Mod is quite an expensive operation, at least on this machine. Applying
a mod operation (mod a large prime) to the result of the classic hash
before returning nearly takes the cost of hashing up to equivalence with
FNV.
> The system only needs to be broken once. All that is required is a set
> of keys (maybe a few thousand) which hash to the same value. After
> that the entire algorithm is broken (assuming the goal is to poison
> the bucket code with collisions). Assuming a 32 bit key-space, it
> should be easy to find at least one set of 10000 strings which share
> the same hash value.
>
> Do I care to find such a set? NO! But this is a triviality for
> cryptographers.
Remember, cryptographers are mathematicians. They have a definition of
"trivial" which doesn't match that used by software engineers. I can
remember a number of acquaintances state that providing examples once an
existence proof was done was trivial.
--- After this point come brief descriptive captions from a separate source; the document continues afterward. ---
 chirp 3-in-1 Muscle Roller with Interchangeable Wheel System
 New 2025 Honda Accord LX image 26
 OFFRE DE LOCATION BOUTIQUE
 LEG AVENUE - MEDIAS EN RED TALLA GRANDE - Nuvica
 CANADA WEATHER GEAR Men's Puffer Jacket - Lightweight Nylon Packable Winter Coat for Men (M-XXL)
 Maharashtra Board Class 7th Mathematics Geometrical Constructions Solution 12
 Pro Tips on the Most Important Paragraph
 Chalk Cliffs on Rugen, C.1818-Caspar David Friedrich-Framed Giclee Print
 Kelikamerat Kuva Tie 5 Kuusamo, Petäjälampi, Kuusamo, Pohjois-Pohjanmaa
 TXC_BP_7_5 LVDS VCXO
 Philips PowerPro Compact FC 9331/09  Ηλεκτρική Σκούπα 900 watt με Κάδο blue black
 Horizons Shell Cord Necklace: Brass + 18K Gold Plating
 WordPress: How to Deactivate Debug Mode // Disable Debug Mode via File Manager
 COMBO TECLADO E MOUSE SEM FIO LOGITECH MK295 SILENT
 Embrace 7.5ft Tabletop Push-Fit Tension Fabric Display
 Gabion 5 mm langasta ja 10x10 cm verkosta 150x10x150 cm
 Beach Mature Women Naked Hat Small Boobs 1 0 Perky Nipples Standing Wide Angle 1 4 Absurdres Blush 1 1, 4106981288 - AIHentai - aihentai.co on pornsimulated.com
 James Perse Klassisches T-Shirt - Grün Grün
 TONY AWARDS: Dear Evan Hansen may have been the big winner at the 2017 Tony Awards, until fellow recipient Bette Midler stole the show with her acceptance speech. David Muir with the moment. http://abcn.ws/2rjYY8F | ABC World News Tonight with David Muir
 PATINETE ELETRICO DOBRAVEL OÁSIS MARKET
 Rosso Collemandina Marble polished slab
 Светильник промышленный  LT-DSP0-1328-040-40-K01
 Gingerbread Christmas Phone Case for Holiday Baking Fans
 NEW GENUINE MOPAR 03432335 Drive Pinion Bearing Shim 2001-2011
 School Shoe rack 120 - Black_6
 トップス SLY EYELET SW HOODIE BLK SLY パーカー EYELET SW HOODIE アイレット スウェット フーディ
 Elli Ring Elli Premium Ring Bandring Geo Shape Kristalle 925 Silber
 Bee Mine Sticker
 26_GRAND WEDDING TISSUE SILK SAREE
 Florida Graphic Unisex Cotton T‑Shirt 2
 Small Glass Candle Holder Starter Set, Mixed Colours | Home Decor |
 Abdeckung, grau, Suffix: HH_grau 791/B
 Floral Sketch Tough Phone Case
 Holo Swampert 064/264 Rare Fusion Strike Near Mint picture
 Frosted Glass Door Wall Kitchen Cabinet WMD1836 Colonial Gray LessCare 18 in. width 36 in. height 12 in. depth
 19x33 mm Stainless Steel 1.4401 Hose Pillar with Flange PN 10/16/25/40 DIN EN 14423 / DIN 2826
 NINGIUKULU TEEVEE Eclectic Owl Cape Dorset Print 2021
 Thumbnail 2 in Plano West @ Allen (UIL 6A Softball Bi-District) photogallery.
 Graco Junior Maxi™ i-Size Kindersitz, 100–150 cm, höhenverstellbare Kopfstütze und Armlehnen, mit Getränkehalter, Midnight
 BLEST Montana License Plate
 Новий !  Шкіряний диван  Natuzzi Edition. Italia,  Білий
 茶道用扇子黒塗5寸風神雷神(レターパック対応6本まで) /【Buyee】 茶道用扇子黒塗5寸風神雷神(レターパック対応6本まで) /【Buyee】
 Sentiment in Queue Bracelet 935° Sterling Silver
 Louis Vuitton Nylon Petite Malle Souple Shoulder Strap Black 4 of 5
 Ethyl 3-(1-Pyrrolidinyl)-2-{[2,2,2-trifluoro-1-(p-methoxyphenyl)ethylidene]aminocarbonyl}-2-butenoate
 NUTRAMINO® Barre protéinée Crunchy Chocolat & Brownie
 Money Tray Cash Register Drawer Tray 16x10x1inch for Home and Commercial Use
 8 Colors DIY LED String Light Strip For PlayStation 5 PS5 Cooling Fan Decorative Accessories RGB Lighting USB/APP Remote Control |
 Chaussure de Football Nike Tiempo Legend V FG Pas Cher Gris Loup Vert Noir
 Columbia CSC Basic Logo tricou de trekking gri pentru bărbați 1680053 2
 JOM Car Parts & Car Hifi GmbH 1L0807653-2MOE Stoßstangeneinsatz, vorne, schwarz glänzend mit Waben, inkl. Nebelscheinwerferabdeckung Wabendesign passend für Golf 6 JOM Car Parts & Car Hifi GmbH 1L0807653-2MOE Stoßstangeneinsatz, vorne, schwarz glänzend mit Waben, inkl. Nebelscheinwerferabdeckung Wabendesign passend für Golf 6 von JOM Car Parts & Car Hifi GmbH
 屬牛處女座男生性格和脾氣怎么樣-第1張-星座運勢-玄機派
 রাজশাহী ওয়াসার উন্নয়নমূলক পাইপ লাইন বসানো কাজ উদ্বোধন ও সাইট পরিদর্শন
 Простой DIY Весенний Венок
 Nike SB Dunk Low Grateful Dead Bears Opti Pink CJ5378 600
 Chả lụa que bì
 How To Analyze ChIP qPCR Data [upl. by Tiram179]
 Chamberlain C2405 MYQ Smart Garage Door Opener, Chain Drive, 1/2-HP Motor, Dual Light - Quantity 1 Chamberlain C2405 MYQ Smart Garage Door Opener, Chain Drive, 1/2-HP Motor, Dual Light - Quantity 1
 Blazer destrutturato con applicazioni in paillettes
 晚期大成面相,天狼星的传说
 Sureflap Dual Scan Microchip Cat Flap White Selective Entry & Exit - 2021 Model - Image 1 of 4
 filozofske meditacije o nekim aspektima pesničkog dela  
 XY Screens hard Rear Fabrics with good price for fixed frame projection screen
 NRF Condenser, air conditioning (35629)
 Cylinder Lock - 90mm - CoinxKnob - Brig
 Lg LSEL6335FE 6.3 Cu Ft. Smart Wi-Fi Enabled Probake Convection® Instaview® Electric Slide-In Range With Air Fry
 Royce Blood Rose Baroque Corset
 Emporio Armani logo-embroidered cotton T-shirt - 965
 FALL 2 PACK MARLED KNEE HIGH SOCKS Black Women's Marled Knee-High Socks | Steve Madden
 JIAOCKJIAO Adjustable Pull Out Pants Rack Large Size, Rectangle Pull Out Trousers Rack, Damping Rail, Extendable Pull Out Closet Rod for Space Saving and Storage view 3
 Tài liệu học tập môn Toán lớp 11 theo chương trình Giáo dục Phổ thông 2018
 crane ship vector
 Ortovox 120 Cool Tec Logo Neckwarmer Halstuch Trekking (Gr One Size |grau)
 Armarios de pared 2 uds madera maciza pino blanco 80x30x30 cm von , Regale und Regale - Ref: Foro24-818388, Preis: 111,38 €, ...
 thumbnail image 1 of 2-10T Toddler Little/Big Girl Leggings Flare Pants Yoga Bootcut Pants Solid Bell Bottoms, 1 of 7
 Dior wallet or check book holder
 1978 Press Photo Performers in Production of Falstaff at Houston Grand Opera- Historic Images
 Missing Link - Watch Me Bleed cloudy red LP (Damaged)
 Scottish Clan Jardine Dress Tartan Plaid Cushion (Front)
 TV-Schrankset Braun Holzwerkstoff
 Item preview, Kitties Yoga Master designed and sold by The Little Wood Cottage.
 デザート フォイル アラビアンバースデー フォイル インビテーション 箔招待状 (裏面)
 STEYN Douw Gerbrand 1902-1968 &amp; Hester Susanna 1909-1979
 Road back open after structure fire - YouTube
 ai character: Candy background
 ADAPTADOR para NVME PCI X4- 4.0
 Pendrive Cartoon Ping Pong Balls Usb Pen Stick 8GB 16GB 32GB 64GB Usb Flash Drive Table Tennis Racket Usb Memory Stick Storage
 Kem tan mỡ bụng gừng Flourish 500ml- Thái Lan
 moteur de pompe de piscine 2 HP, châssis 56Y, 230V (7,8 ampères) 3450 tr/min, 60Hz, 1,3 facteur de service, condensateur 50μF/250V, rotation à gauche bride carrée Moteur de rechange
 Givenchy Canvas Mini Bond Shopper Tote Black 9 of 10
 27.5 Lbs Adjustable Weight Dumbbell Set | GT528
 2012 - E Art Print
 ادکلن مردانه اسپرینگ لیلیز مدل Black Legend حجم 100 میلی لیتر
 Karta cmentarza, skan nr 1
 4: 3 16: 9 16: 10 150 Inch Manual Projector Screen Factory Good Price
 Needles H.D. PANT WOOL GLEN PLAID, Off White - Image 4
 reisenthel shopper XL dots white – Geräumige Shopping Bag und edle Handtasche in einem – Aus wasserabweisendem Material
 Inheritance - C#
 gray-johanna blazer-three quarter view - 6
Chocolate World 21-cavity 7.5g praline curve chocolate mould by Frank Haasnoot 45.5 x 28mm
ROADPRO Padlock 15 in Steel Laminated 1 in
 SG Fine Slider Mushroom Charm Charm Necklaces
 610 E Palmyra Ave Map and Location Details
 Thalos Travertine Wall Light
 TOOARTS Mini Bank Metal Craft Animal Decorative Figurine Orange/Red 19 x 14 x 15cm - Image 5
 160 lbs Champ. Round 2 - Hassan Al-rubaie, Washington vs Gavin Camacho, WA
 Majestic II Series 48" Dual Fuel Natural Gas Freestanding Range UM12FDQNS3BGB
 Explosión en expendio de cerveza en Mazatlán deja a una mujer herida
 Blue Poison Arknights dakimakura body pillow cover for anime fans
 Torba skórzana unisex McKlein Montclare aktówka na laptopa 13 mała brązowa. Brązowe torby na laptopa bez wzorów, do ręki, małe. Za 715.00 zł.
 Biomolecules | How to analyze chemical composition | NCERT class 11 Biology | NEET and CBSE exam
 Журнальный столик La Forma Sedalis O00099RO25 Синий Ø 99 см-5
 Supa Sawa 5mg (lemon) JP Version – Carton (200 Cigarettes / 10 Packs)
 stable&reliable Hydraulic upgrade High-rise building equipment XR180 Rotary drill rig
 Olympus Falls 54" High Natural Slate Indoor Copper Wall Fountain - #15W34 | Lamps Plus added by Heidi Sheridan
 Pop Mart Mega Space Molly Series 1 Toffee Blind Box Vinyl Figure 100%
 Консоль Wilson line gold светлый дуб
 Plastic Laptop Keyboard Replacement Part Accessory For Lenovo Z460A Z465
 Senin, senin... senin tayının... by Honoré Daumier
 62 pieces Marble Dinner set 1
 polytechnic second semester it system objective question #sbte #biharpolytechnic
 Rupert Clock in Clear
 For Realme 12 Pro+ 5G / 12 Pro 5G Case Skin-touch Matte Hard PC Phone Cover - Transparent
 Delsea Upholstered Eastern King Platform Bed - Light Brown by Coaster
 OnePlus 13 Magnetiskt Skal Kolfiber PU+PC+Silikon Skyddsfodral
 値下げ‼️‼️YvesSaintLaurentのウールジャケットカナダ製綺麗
Can't say that I really bought
their argument... :-)
In terms of hash attacks, they only have real fangs (given that we don't
conflate hashcode equivalence with equality) if it is possible to make
either:
a) A large number of *short* keys with the same hashcode, or
b) A substantial number of keys with the same hashcode as some
particular key from a set not nominated by the attacker (typically
defined by the communication protocol)
The aim of the first one is to swamp the hash table with totally
irrelevant things. The aim of the second is to retard required lookups.
> I know there is a huge bias against AOLserver, so I digress to Apache.
> How does Apache handle headers?
>
>> From http://thomas.eibner.dk/apache/table.html (Apache table API):
>
> "Tables in Apache works almost like hashes in Perl. The main
> difference between the two is that you can have two of the same keys
> in the Apache table API. The table lookups are done in a
> case-insensitive manner."
>
> So for everyone who has some problem with AOLserver, maybe note that
> headers in Apache are handled very similarly. More specifically they
> are not handled as associative arrays or dictionaries.
Checking the source to Apache (strictly the APR) I see that they're
using hashing inside their implementation of tables. OK, they're using a
truly trivial hash, but I suppose it's better than what they had before
(a single linear list).
Check for yourself at:
http://svn.apache.org/repos/asf/apr/apr/trunk/tables/apr_tables.c
> All I can say is that the more I investigate the original Tcl hash,
> the more my respect grows. It seems to perform better most of the
> time.
It's very very fast, but weak. With non-malicious inputs, its weakness
doesn't really matter all that much and its speed is nice. With
malicious inputs, which are easy to create, it's no better than a linear
list (plus some memory costs). The alternative hash functions that are
recommended in the literature (FNV, lookup3) are slower, but harder to
push into the ill-performing case (in the case of lookup3, it is
believed to require effort nearly equivalent to just scanning through
all possible inputs, which isn't a threat; FNV is faster but weaker).
Donal.
|